Organization of the Site
Legit Indigenous Lit is organized so that instructors can easily find out what each text is about and then link to the publisher’s website (to order a desk copy or retrieve an ISBN). Just click on the cover image of the book to be taken to the publisher’s website. Publication information for each book (publisher and date of publication) has been included in each entry, as well as the genre of the text. All of the texts are currently in print and available for ordering.
We have also included what we hope is a handy set of key words/tags, by which texts have been categorized into topics/themes. If, for example, an instructor is teaching a women’s literature class and is looking for Indigenous texts to include, she could click on the related tags (“women’s relationships,” “violence against women,” “gender”) and be taken to a list of texts categorized according to these tags. We have included 26 such tags, recognizing that there are many, many more topics and themes under which these and other Indigenous texts could be organized. Certainly, the indexing of texts is not a politically neutral activity. While careful consideration went into selecting tags that will (we hope) be useful for the purposes of course/syllabus construction, we invite any and all feedback about our selections.
Another limitation of the site is that, at the moment, it focuses only on Indigenous authors from Canada. Given more time and resources, we would like to be able to expand the resource to include authors and texts from throughout Turtle Island.
Our hope is that this site expands and changes over time, keeping pace with the ever-growing field of Indigenous literatures. Please send us your comments about how the resource could be more useful to you as an instructor and/or more responsive to the shape and concerns of the field. And if you would be interested in helping us build and maintain the site, don’t hesitate to get in touch.
Aloys N.M. Fleischmann is an Adjunct Professor in the Department of English at the University of Saskatchewan. He identifies as a Canadian with strong Irish roots. His areas of specialty are the literatures of the Japanese Canadian Redress and Indigenous Reconciliation movements in Canada.

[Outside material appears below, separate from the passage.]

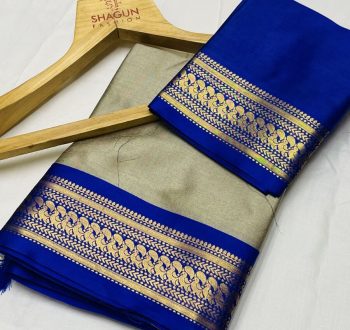 MOST PICKED SOFT SILK WEAVING ZARI BORDER WORK SAREE WITH UNSTITCHED BLOUSE GREY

Nancy Van Styvendale is an Assistant Professor in the Department of English at the University of Saskatchewan. She is a white settler scholar of Indigenous North American Literatures who works primarily in the areas of Indigenous carceral writing and community-engaged approaches to literary study.
We recognize that much of the labour involved in responding to the most recent iteration of appropriation and white supremacy in the Canadian literary world has come from Indigenous authors and scholars—notably, Kateri Akiwenzie Damm, Jesse Wente, Daniel Heath Justice, and many others who have devoted time and resources to responding to and educating settler Canadians about realities that we really should be educating ourselves about. We extend our gratitude to these authors and scholars for their time and energy, which we recognize is in short supply and could otherwise be spent (much more enjoyably, we assume) on their own literary and intellectual pursuits. As white settler scholars of Indigenous literatures, we recognize the inequitable distribution of labour inherent in this situation (as in many others where Indigenous people are expected to shoulder the weight of settler colonial ignorance and institutional racism). Our creation of this list is one very small way we are attempting to give back to a community that has given us so much—knowledge, insight, and collegial relations.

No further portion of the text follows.